La segunda revisión del acuerdo entre el BCRA y el FMI estableció que la meta de acumulación de reservas netas para el año es de 8.000 millones de dólares. Hasta el momento, el BCRA ha logrado acumular 7.400 millones de dólares; sin embargo, se enfrenta a vencimientos significativos que podrían complicar el panorama. Por ejemplo, el 9 de julio se debe afrontar un pago de 4.300 millones de dólares a acreedores privados, además de otros compromisos que suman alrededor de 5.200 millones de dólares con el FMI y organismos internacionales. Este contexto de vencimientos crea una presión adicional sobre las reservas y obliga a la entidad monetaria a evaluar sus próximas acciones con cautela.

La consultora Analytica ha señalado que, de continuar con el ritmo de compras observado en junio, que es uno de los más bajos del año, el BCRA solo podría sumar 6.000 millones de dólares adicionales antes de finalizar 2026. A esta cifra se le añadiría la emisión de 5.000 millones de dólares en créditos garantizados que se espera realizar antes de agosto. Para alcanzar la meta de acumulación de reservas para el año, el gobierno argentino deberá explorar fuentes de financiamiento adicionales en dólares, incluyendo nuevas colocaciones en el mercado local mediante instrumentos como los títulos AO27 y AO28, ya que la opción de emitir deuda en mercados internacionales parece estar descartada por el momento.

El informe de Analytica también destaca que la desaceleración en el ritmo de compras de reservas no debería generar una alarma inmediata, ya que se debe a la estacionalidad en la oferta de dólares. Este fenómeno es común y no es inusual que se produzca en esta época del año, cuando la liquidación de la cosecha se ralentiza. Sin embargo, es crucial que el BCRA mantenga su intervención en el mercado cambiario bajo la lógica actual para evitar desajustes significativos en el flujo de reservas.

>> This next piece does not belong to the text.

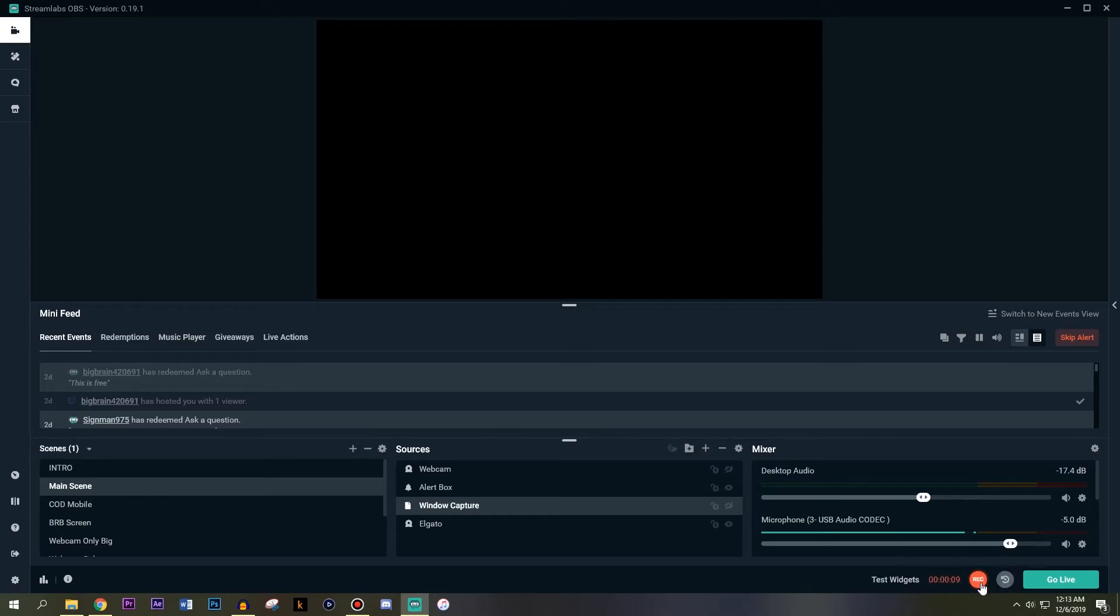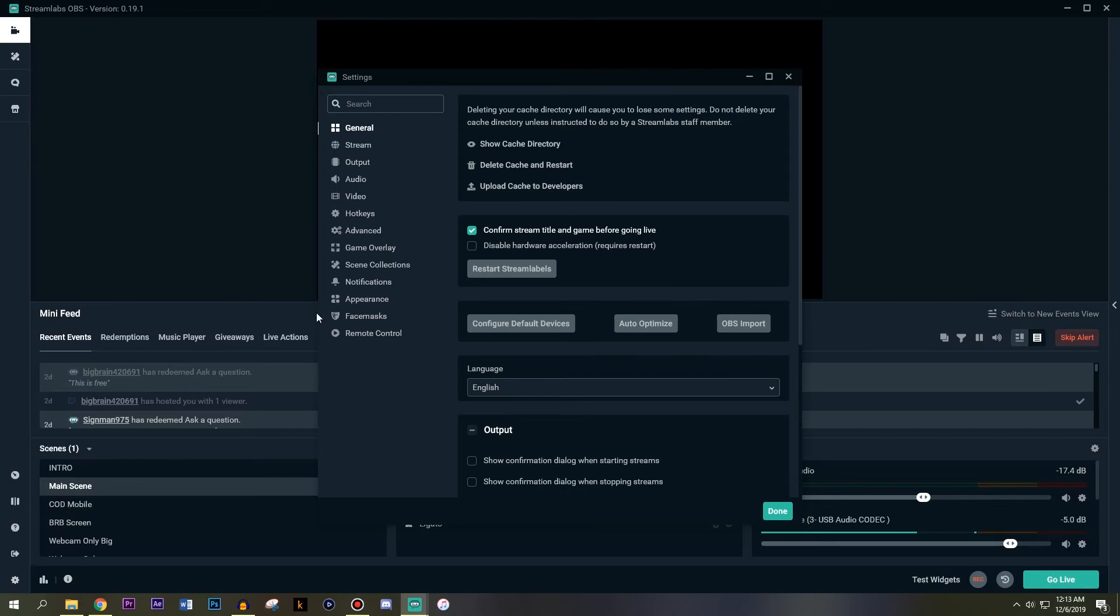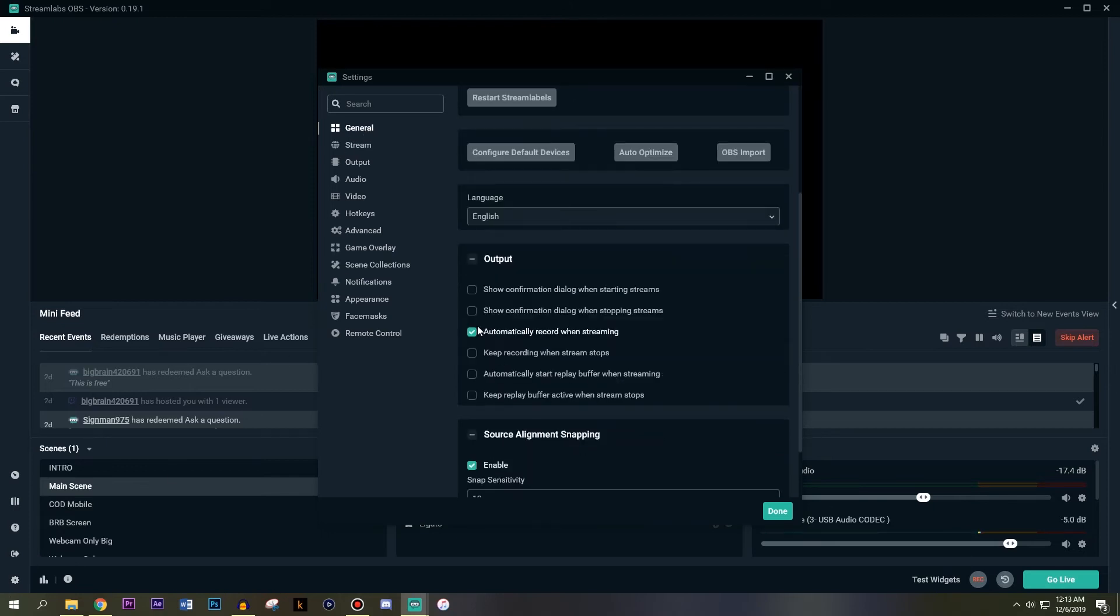Another useful thing is go to settings, go to general, hit this right here. Automatically record when streaming. This allows you to create a stream copy.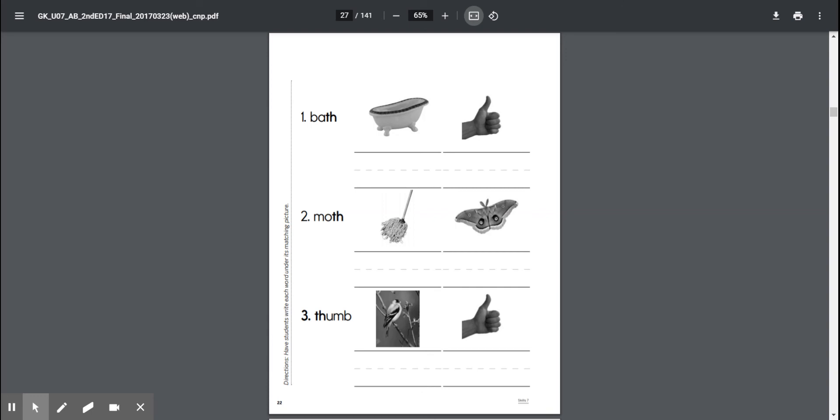All right, and number three, thumb, thumb. This is a little bit of a tricky word because you don't really hear that b, so it's just thumb. So which picture do you think we're going to write thumb under? Good, we're going to write it under the picture of the thumb right here.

A medida que se proyecta hacia el futuro, hay varios factores que podrían influir en la dinámica de las reservas. La consultora ha identificado un récord en las exportaciones energéticas, el retraso en la liquidación del sector agropecuario y la reactivación de las colocaciones de obligaciones negociables como elementos que podrían moderar la caída habitual en la oferta de dólares durante el segundo semestre del año. Estos elementos, si se gestionan adecuadamente, podrían permitir que el BCRA acumule reservas por encima de lo inicialmente previsto.

Finalmente, María Castiglioni, directora de C&T Asesores Económicos, comentó que la disminución en las compras de reservas por parte del BCRA y el aumento reciente del dólar no representan un problema insalvable. Afirmó que, si bien hay una parte de la liquidación de la cosecha que se encuentra atrasada, hay factores estacionales que también afectan este proceso. Con el aguinaldo a fin de junio y otros elementos estacionales en juego, es posible que la situación se normalice en los próximos meses, lo que puede contribuir a una mejor acumulación de reservas y a un manejo más estable del mercado cambiario.